The revelation of the identity of Kavanaugh's accuser comes days after 65 former classmates of Kavanaugh, all women, came forward in his defense.
"Through the more than 35 years we have known him, Brett has stood out for his friendship, character, and integrity," the women wrote in a letter to the Senate Judiciary Committee. "In particular, he has always treated women with decency and respect. That was true when he was in high school, and it has remained true to this day."
Ford, however, isn't backing down, saying she's willing to tell her story to the Judiciary panel.
Meanwhile, White House counselor Kellyanne Conway says Ford "should not be ignored."
"This woman should not be insulted and she should not be ignored... This woman will be heard... that has to be weighed against what we already know, which is that Judge Kavanaugh is a man of character and integrity," Conway told "Fox & Friends" Monday.
Hundreds of women have come forward to speak about Judge Kavanaugh’s character and integrity: those who knew him in high school, college, law school, the Bush White House, his law clerks, moms of girls he coaches in youth basketball. This matters. https://t.co/n2tat8Xhns
— Kellyanne Conway (@KellyannePolls) September 17, 2018
Kavanaugh says he too is prepared to appear before the Senate committee, maintaining that Ford's allegations against him are "completely false."
"I have never done anything like what the accuser describes—to her or to anyone because this never happened," he said in a statement Monday. "I had no idea who was making this accusation until she identified herself yesterday."
"I am willing to talk to the Senate Judiciary Committee in any way the committee deems appropriate to refute this false allegation, from 36 years ago, and defend my integrity," he added.
Democrats are calling on Judiciary Committee Chairman Sen. Chuck Grassley (R-IA) to delay Thursday's scheduled vote until members can get more answers to these allegations.

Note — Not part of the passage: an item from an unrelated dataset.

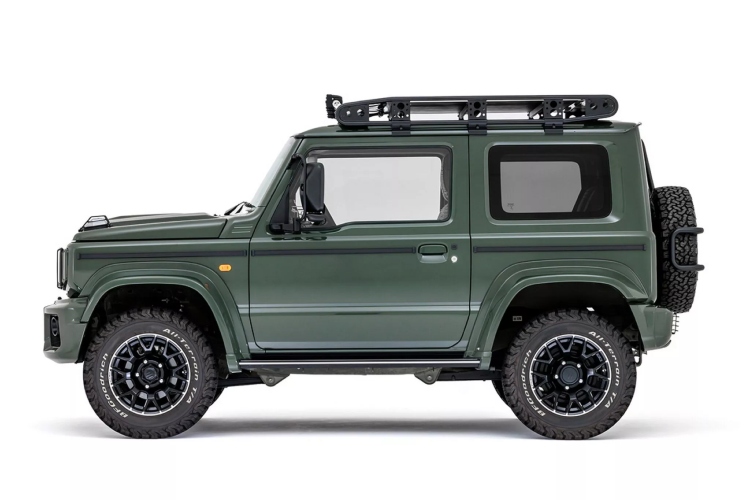 japanski-tjuner-pretvara-suzuki-jimny-u-mladeg-brata-mercedes-g-class-modela-8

Some Senate Republicans, however, believe this is all a ploy by their Democratic colleagues to delay the vote, possibly until after the elections – a sentiment shared by Family Research Council President Tony Perkins.
"The reality is the Left knows their only ability to impose their agenda on America is through the courts," Perkins said. "That's why they are fighting tooth and nail to stop this president in his nomination and confirmation of justices, especially the Supreme Court."

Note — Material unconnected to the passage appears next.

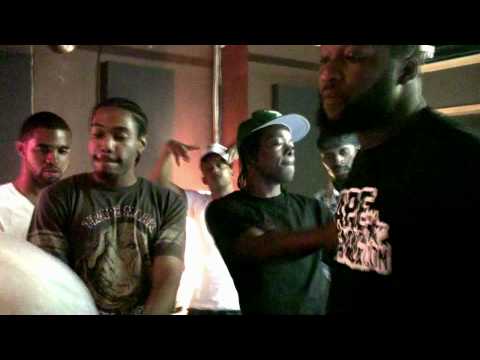 Garci Ft RediRoc And Gillie Da Kid - For The City In Studio Performance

Carrie Severino, chief counsel and policy director at the Judicial Crisis Network, was also skeptical.
“I think when you also take into context of how Sen. Feinstein herself treated these allegations – she wasn’t treating these as if she found them credible or serious or relevant,” she told CBN’s Faith Nation Monday. “And I think it’s strange now to see at the very eve of the vote now suddenly a lot of people are using them to say now we need to delay.”
But Sen. Jeff Flake (R-AZ) says Ford "must be heard" and that he's "not comfortable moving ahead with the vote...if we have not heard her side of the story or explored this further." Flake sits on the Senate Judiciary Committee, and his vote is critical for approving Kavanaugh. Sen. Lindsey Graham (R-SC), also on the committee, has also indicated he'd like to hear from Ford before proceeding.
Judge Kavanaugh maintains the allegation is completely false and both he and his accuser will get a chance to publicly tell their stories to the Judiciary Committee starting next Monday.
Republicans hold a razor-thin majority in the Senate, and just two "no" votes from within the party could mean the end of Kavanaugh's nomination. If that were to happen, the even bigger issue is the election in November. If Democrats take control of the Senate, then any Trump Supreme Court nominee could be blocked.